Very often the books we write about our comics are better than the stories and pictures themselves: memorable, intensely evocative and infused with the debilitating nostalgic joy that only passing years and selective memory bestows.

That’s not meant in any way to denigrate or decry the superb works of the countless -generally unrecognised and generally unlauded – creators who brightened the days of generations of children with fantastic adventures and side-splitting gags in those so flimsy, so easily lost and damaged cheap pamphlets, but rather because of an added factor inherent in these commemorative tomes: by their very existence they add the inestimable value and mystery of Lost, Forgotten or Buried Treasures into the mix.

A perfect example is this copious chronicle released as an anniversary item in 1988 to celebrate the wartime delights rationed out to beleaguered British lads and lasses, compiled by possibly the nation’s greatest devotee and celebrant of childish pastimes and halcyon days.

Denis Gifford was a cartoonist, writer, TV show deviser and historian who loved comics. As both collector and creator he gave his life to strips and movies, acquiring items and memorabilia voraciously, consequently channelling his fascinations into more than fifty books on Film, Television, Radio and Comics; imparting his overwhelming devotion to a veritable legion of fans.

If his works were occasionally short on depth or perhaps guilty of getting the odd fact wrong, he was nevertheless the consummate master of enthusiastic remembrance.

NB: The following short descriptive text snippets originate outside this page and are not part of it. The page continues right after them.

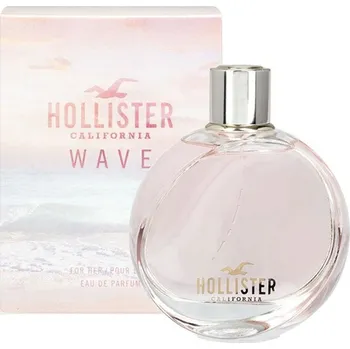 Dámský parfém Hollister Wave For Her - EDP 50 ml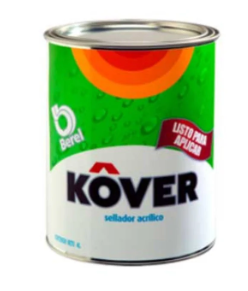 SELLADOR KOVER LISTO P/APLICAR 2484 4LTS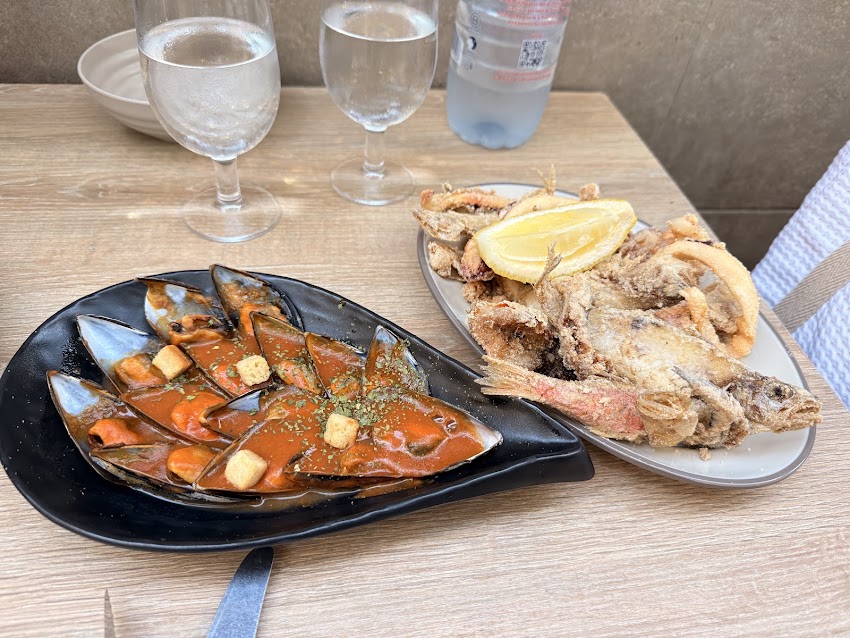 Restaurante La Mejillonera, Restaurantes Benidorm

He deeply loved the medium in concept and in all its execution, from slipshod and rushed to pure masterpieces with the same degree of passion and was capable of sharing – infecting almost – a casual reader with some of that fierce wistful fire.

With hundreds of illustrative examples culled from his own collection, this volume was released to commemorate the outbreak of World War II and revels in the magnificent contributions to morale generated by a battalion of artists and (usually anonymous) writers, covering the output – in breadth if not depth – of an industry that endured and persevered under appalling restrictions (paper was a vital war resource and stringently rationed), inciting patriotic fervour and providing crucial relief from the stresses and privation of the times.

Abandoning academic rigour in favour of inculcating a taste of the times, this book reprints complete sample strips of the period beginning with the affable tramps and Jester cover stars Basil and Bert (by George Parlett), covering the start of the war in four strips from January to November 1939, before dividing the collection into themed sections such as Be Prepared: with examples of Norman Ward’s Home Guard heroes Sandy and Muddy from Knock-Out and John Jukes’ Marmaduke, the Merry Militiaman from Radio Fun.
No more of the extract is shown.